Geschliffener Dialog vs. Tavernengebrabbel

Obwohl es mittlerweile viele gute Artikel zum Thema “Wie stelle ich meinen SC dar?” gibt, findet man kaum Anleitungen für das Führen von Dialogen. Das ist insofern schade, als Dialoge zwischen SCs einen großen Teil des Rollenspiels am Tisch ausmachen.

Ein offensichtlicher Grund, warum es dafür kaum Ratschläge gibt, ist der, dass man für einen Dialog – höchst erstaunlich – einen Zweiten braucht, und das bedeutet: Dialoge sind hochgradig improvisiert, spontan und dynamisch, noch viel mehr als Handlungen, denn die orientieren sich meist an mehr oder minder vorgegebenen Parametern (Gegenständen im Raum, Farbe der Tunnelwand, Bäume links und rechts…). Dialoge aber können Zeit und Raum transzendieren, sich um die Kindheit der Charaktere ebenso drehen wie um Geschehnisse, die vielleicht gerade an ferrnen Orten stattfinden, oder um das politische System, für das die Charaktere ins Abenteuer ziehen. Wunderbar, oder?

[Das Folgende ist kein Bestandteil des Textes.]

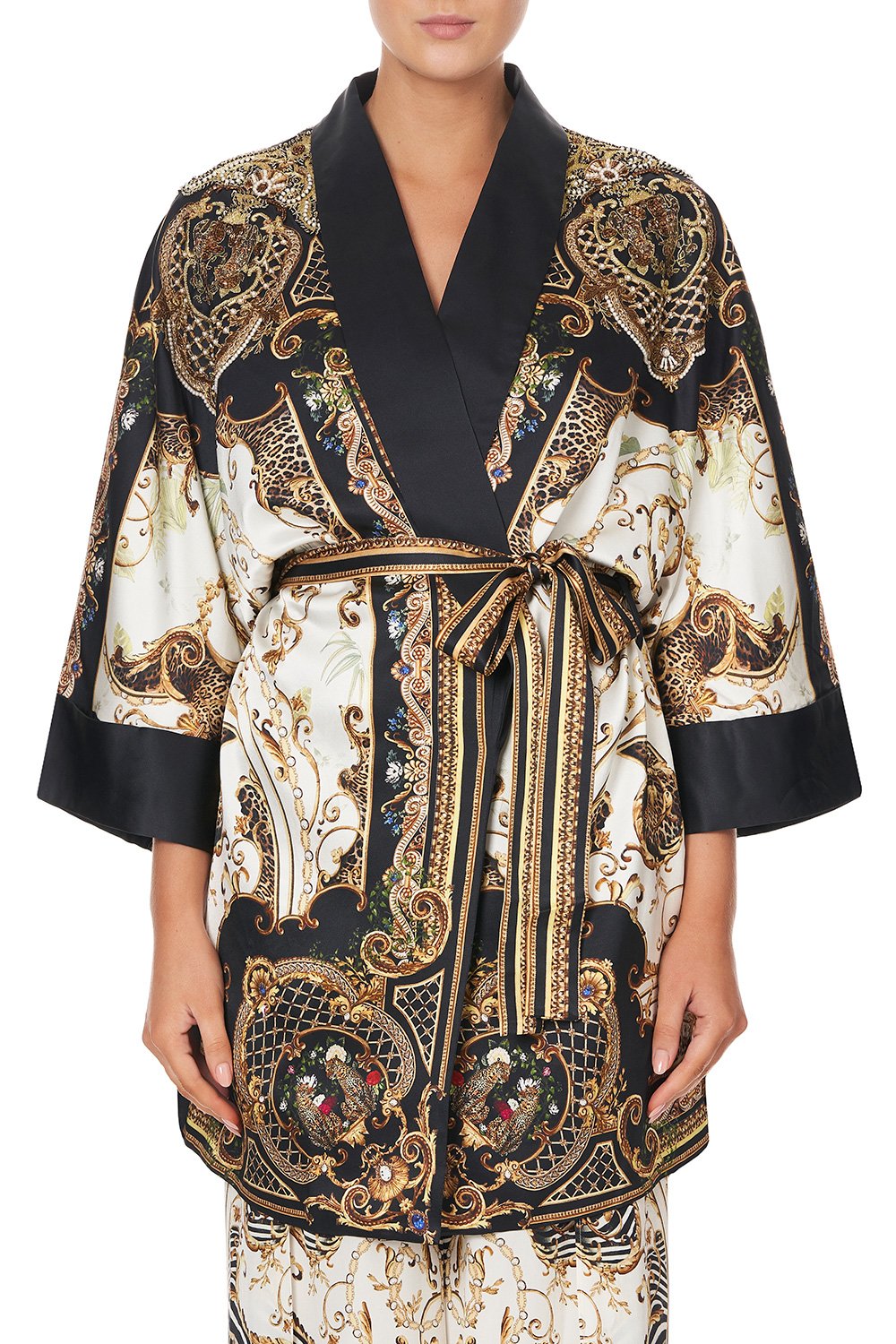 ROBE WITH NARROW COLLAR STUDIO 54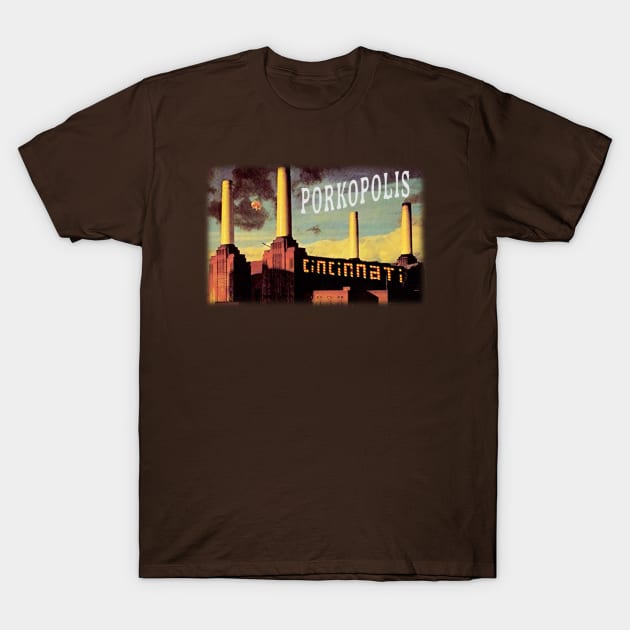 Flying Pig Marathon Cincinnati Porkopolis T-Shirt by HipsterSketch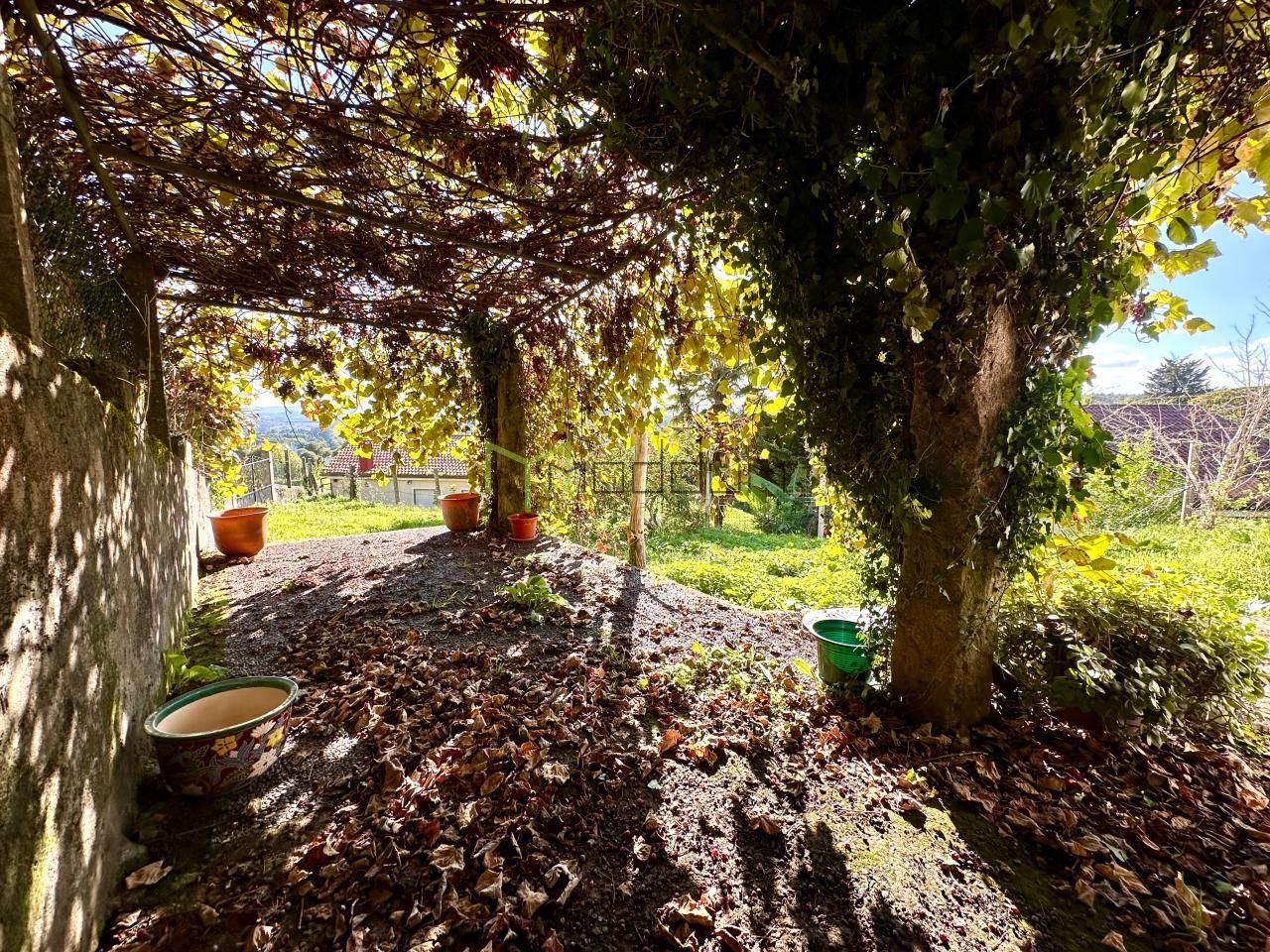 Jardín de Casa o chalet en venta en Santiago de Compostela  con Calefacción, Jardín privado y Terraza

Ja und nein. Zumindest in meinen Runden beobachtete ich, dass die Spieler mit engen Rahmenbedingungen besser klar kamen als mit völlig freiem Handlungsspielraum. Dass sich Dorfabenteuer so gut spielen und Menschen im Supermarkt eher Marmelade kaufen, wenn ihnen 2 Sorten angeboten werden anstelle von 15, werte ich mal als Indiz dafür, dass diese These auf die Mehrheit der Rollenspieler zutrifft. So gesehen wundert es mich nicht, dass viele ungesteuerte Dialoge, die sich einfach so zwischen SCs ergeben, oftmals in uninspiriertes Tavernengebrabbel abgleiten oder am Ende nur die Frage “Wie ist es denn bei euch [Volk] zuhause?” herauskommt.

So überlege ich schon geraume Zeit, wie man Dialoge im Rollenspiel optimieren kann, ob es Techniken oder Tricks gibt, die dabei helfen, dass sich Charaktere interessant, pointiert, informativ und rollentypisch austauschen. Zu diesem Zweck habe ich ein sehr gutes Werk hervorgekramt, das Buch “Schreiben fürs Fernsehen” von Vivien Bronner, die ich übrigens in einer Schreibwerkstätte erleben durfte und schwerstens weiterempfehlen kann. Rollenspiel ist natürlich kein Buch und auch keine Serie, aber Gemeinsamkeiten gibt es: Abenteuer wie auch Geschichten in Buch und Film und Serie lassen uns in fremde Welten und in andere Charaktere eintauchen. Grund genug, da mal reinzuschauen:

Dialog erfüllt drei Funktionen:
1. Dialog charakterisiert den Sprecher.
2. Dialog treibt die Handlung voran und vermittelt Information.
3. Dialog charakterisiert die Welt […] und schafft Rhythmus.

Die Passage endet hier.